Then she tried TVM with auto-tuning. She let it run overnight on a representative workload.
The next morning, she had a model that met her latency target with room to spare. The auto-tuner had found optimizations she never would have discovered manually—unusual tile sizes, unexpected operator fusion patterns, memory layouts that seemed counterintuitive but worked perfectly for her specific hardware.
"I spent two weeks doing what the compiler did in eight hours," she admitted. "And it did it better."
But she also learned the limits. When she tried to deploy the same model on a slightly different chip variant, the auto-tuned schedule performed poorly. She had to re-tune for the new target.
"ML compilers aren't magic," she concluded. "They're tools that trade tuning time for performance. For production deployment on known hardware, they're invaluable. For rapid prototyping across many targets, they might slow you down."
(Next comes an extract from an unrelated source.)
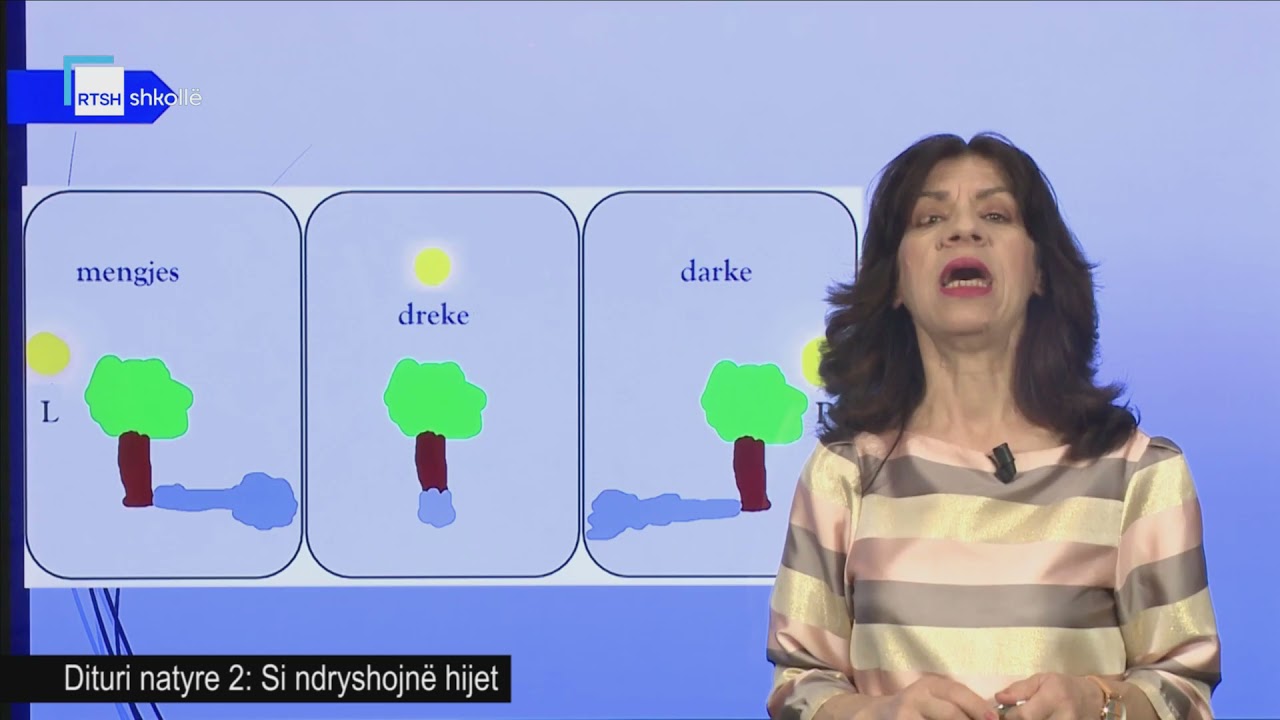 Dituri natyre 2 - Si ndryshojnë hijet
The lesson: ML compilers represent a fundamental shift in how we think about optimization—from hand-crafted expertise to automated search. But like any tool, knowing when to use them is as important as knowing how.
Summary
ML Compilers are key technology for modern AI deployment:
Main Tools
- TVM: Open source, auto-tuning, cross-platform
- IREE: Lightweight, suitable for edge devices
- ONNX Runtime: Mature, stable, easy to integrate
- XLA: Backend for TensorFlow/JAX
Core Optimizations
- Operator fusion
- Constant folding
- Layout transformation
- Memory planning
Selection Considerations
- Target hardware
- Performance requirements
- Development efficiency
- Maintenance cost
Performance Analysis
- Use each framework's profiling tools
- Compare performance across compilers
- Consider tuning time vs performance gain